Look at the Big Picture

The general ledger and financial statements both contain the sales and revenue figures for the given period. The very first step of the audit is to verify that the figures reported in the financial statements match those in the general ledger. A trial balance report and an account summary from the ledger should reflect the same sales revenue figures as the financial statements.

Get Down to Details

Depending on the accounting approach of the business, sales are recorded when the order is shipped or when payment is received. Under cash accounting, the sale is recorded upon payment, while accrual accounting demands that the sale be recorded when the product ships, not when the cash is received. Review a sampling of the sales transactions to validate that these procedures are being followed.
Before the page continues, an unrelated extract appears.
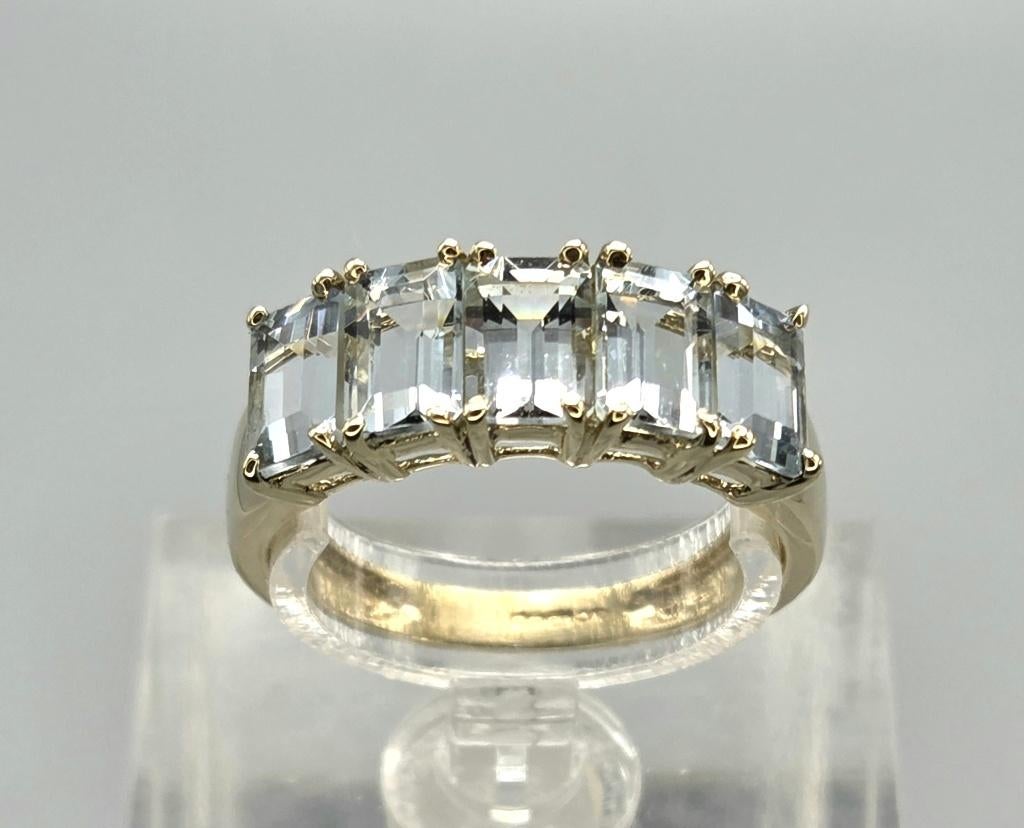 Gouden Vintage ring met edelsteen aquamarijn. 2026/106., Bijoux, Sacs & Beauté, Bagues, Comme neuf, Femme, 17 à 18, Bleu, Or, Avec pierre précieuse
Reporting sales outside of these guidelines can potentially create a material misstatement of revenue, so the audit phase is essential for these controls.

Follow the Money

Tracking the actual cash flow is just as important as ensuring that the sales are recorded accurately. A company's sales records offer little without the actual revenue being received from customers. Select a representative sample of roughly 3 to 5 percent of the cash transactions, and follow the cash from receipt to deposit to ensure it was booked in the ledger correctly and appears in the bank account deposit records. For companies that also sell on credit, review the open receivables and assess the aging of the accounts. There should be a predetermined aging point at which accounts are written off, and every effort should be made to collect on those funds before that bad debt determination. Follow the collection process for a sample of the aging accounts to ensure that the procedures are followed appropriately to close these open accounts.

Keeping It All Together

The key to this type of audit is to ensure that the company's procedures are solidly implemented with no margin for error. The audit should also look for any areas where checks and balances are missing, such as an employee who has access to both the payables and the bank account. Review the company's procedural manuals and make sure the audit is testing each of the documented policies. Any red flags that come up during the audit should be addressed right away to protect your company from potentially significant financial loss.